TASK BRIEF – Using the data below, print exactly the line with "Dân bức xúc", the line with "Real Madrid come", and every line between them, but none of the pictures.

INPUT DATA –
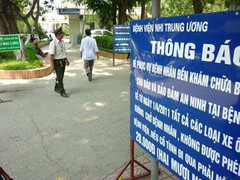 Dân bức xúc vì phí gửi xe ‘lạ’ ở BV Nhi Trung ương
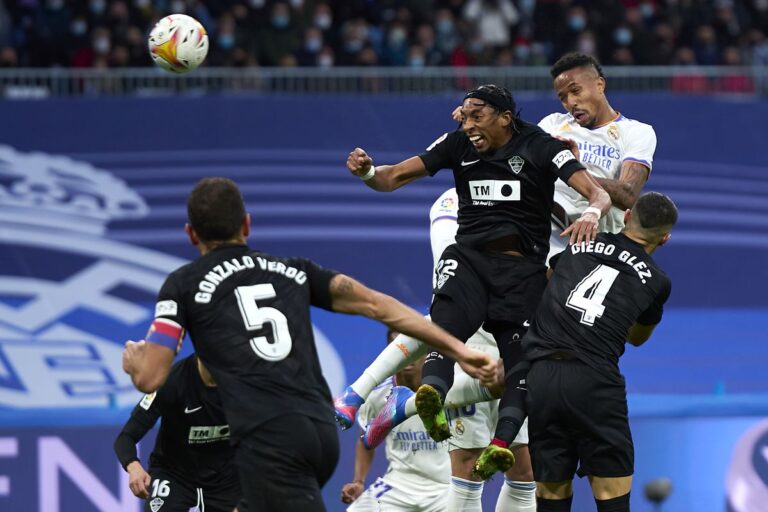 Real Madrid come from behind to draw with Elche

==

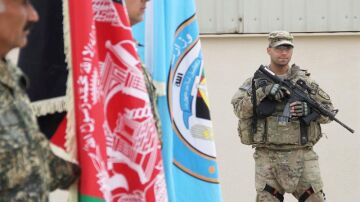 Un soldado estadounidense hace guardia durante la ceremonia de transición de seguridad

---

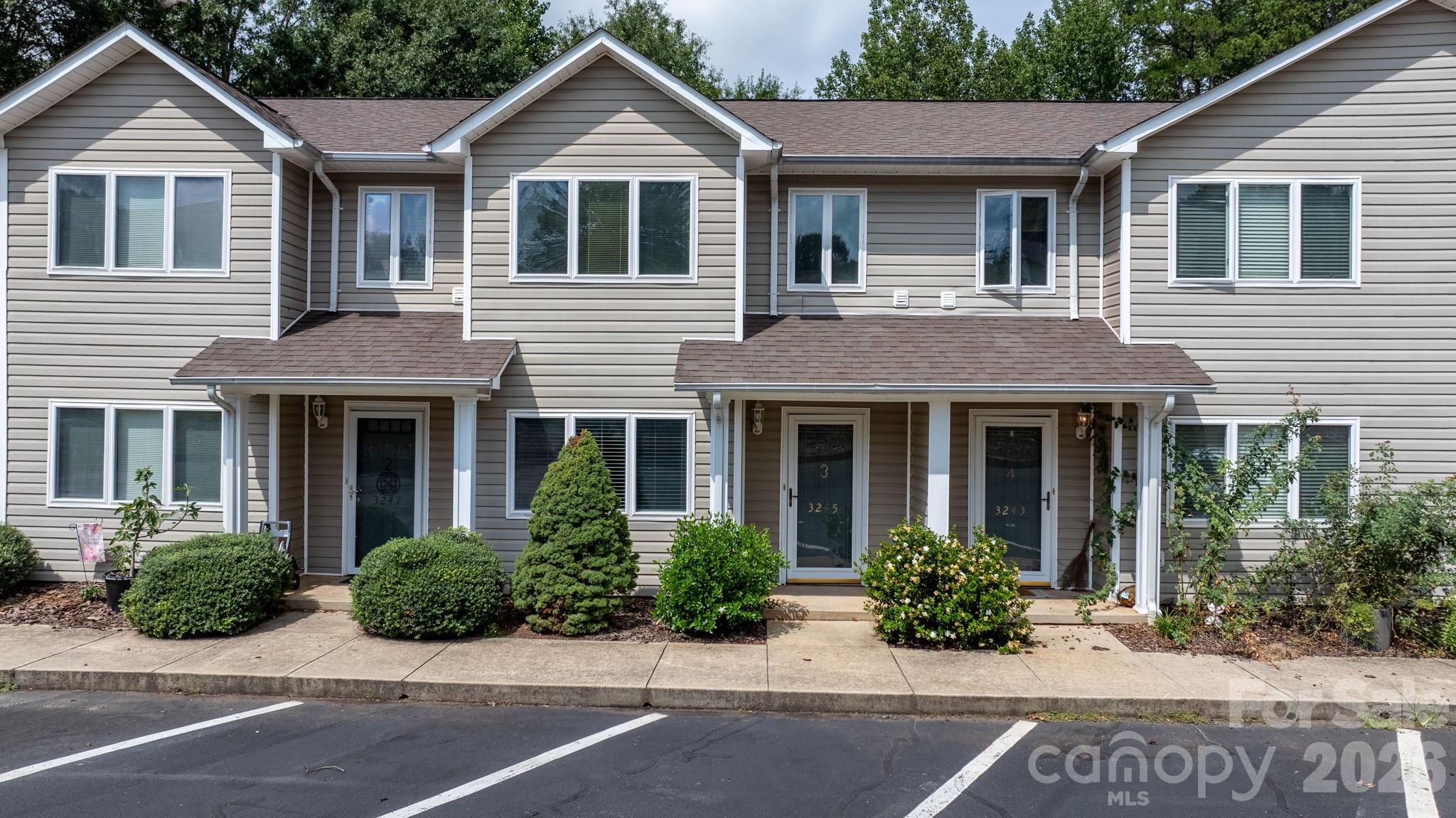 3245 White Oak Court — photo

OUTPUT FOR THIS EXERCISE –
 Dân bức xúc vì phí gửi xe ‘lạ’ ở BV Nhi Trung ương
 Real Madrid come from behind to draw with Elche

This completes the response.